# [WHAT THE EXERCISE ASKS]
What you return must be an exact copy of the lines in the listing below between the line holding "Yahoo!オークション -「ch-47 チヌーク」(その他) (プラモデル Yahoo!オークション" and the line holding "Marshal Palace Hotel(Wuhan", inclusive, and nothing more.

** Opening RECORDS PROVIDED block **

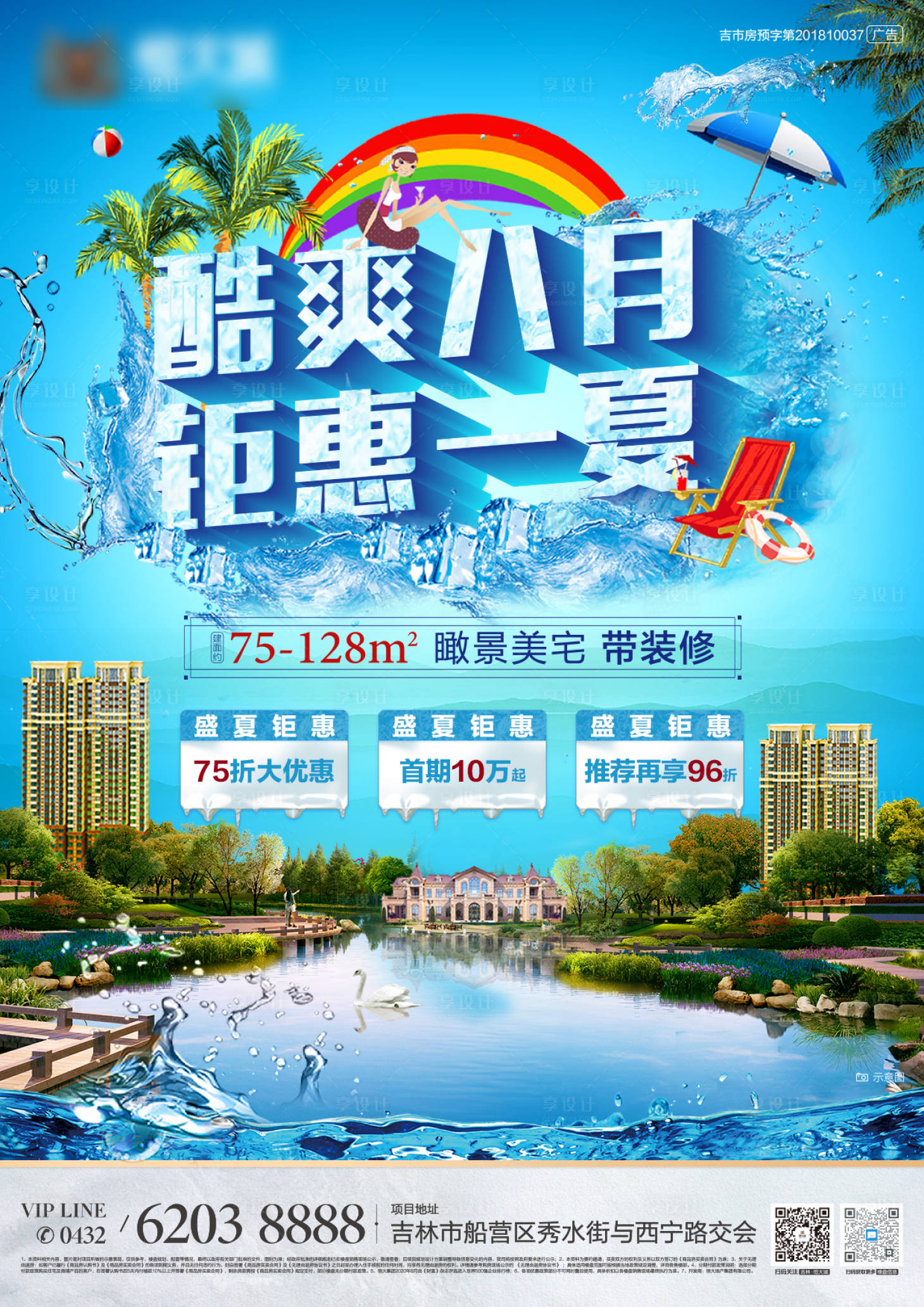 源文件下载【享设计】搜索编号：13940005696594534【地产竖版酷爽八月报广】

** Closing RECORDS PROVIDED block **
** Opening RECORDS PROVIDED block **

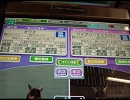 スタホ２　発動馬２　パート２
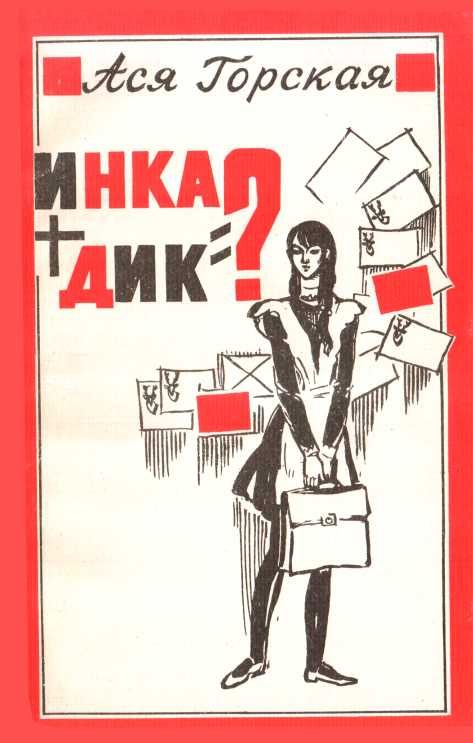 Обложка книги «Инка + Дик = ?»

** Closing RECORDS PROVIDED block **
** Opening RECORDS PROVIDED block **

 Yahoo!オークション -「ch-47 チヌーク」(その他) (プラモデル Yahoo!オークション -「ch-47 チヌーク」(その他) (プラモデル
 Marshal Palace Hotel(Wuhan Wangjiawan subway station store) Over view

** Closing RECORDS PROVIDED block **

# [RESPONSE BOX]
 Yahoo!オークション -「ch-47 チヌーク」(その他) (プラモデル Yahoo!オークション -「ch-47 チヌーク」(その他) (プラモデル
 Marshal Palace Hotel(Wuhan Wangjiawan subway station store) Over view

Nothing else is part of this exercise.